The case of the day is Kowalski v. Anova Food, LLC (D. Hawaii 2012). Kowalski and Hawaii International Seafood, Inc. sued Cleasrsmoke Technologies, Ltd., a Malta corporation. The plaintiffs first attempted service by email to Clearsmoke’s lawyer on the mainland, and then by personal delivery to Clearsmoke’s Hawaii lawyer. But in either case did Kowalski seek leave of court before attempting the service. The court entered Clearsmoke’s default at Kowalski’s request, and Clearsmoke sought to vacate the default (the court later vacated the default). Kowalski then moved for leave to serve process on Clearsmoke’s Hawaii counsel under FRCP 4(f)(3).

The court correctly refused to retroactively “validate” Kowalski’s faulty attempts to serve process (I’ve written about this issue before). But the court also refused to allow Kowalski’s motion for leave to make alternative service, noting that Kowalski had not even attempted service in Malta, a party to the Hague Service Convention.

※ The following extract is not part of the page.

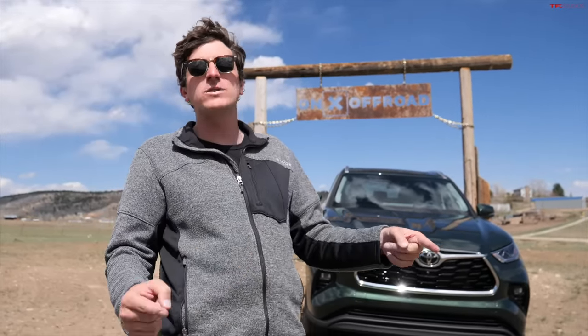Hey everybody, I've got a great video for you today because behind me is the new Toyota Highlander with the brand new 2.4 liter turbocharged engine. In this video, we're doing a deep dive analysis of the all wheel drive system and finding out how it compares to the new Honda Pilot.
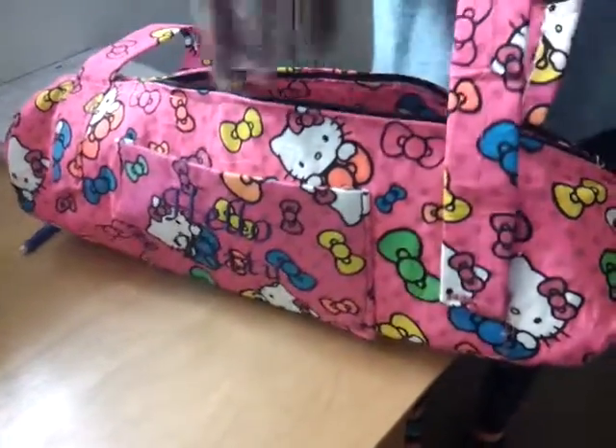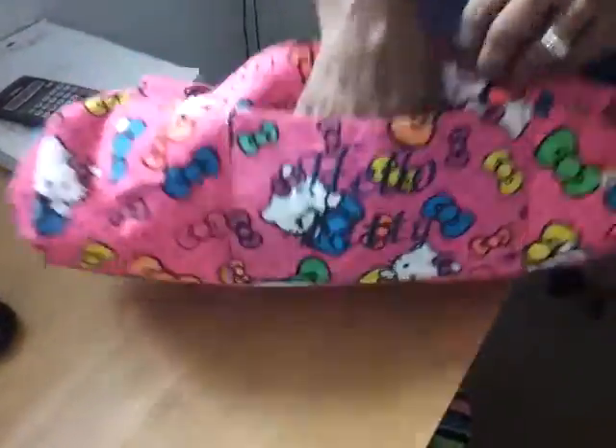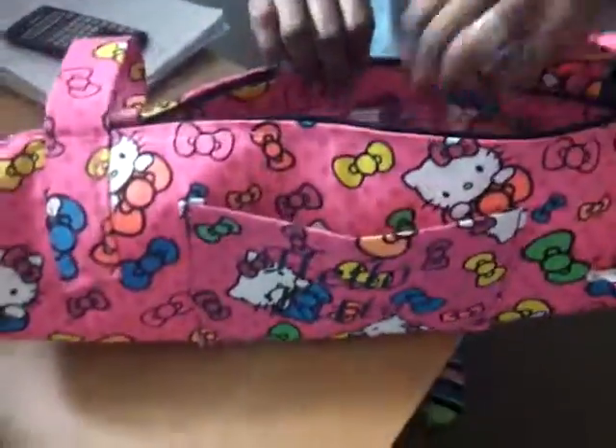I made this bag for my sister. I made a lot of mistakes — I didn't cut the strings. It was hard for me to do the circles, but it's supposed to be a duffel bag. I made a pocket here that says Hello Kitty, if you can see it. It has all the strings on it.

I think this decision was well within the judge’s discretion. The judge correctly pointed out that in other cases where courts had approved alternative service, there were barriers of one kind or another to attempting service via the Convention. But the decision should not be overread—there is no requirement of exhaustion of other options before a plaintiff can resort to alternative means of service.

About Ted Folkman

Ted Folkman is a shareholder with Murphy & King, a Boston law firm, where he has a complex business litigation practice. He is the author of International Judicial Assistance (MCLE 2d ed. 2016), a nuts-and-bolts guide to international judicial assistance issues, and of the chapter on service of process in the ABA's forthcoming treatise on International Aspects of US Litigation, and he is the publisher of Letters Blogatory, the Web's first blog devoted to international judicial assistance, which the ABA recognized as one of the best 100 legal blogs in 2012, 2014, and 2015.

One thought on “Case of the Day: Kowalski v. Anova Food, LLC

  1. My post also shouldn’t be overread! I wrote, “There is no requirement of exhaustion”when I should have written, “There should be no requirement of exhaustion.” There are cases that do impose such a requirement. So be careful!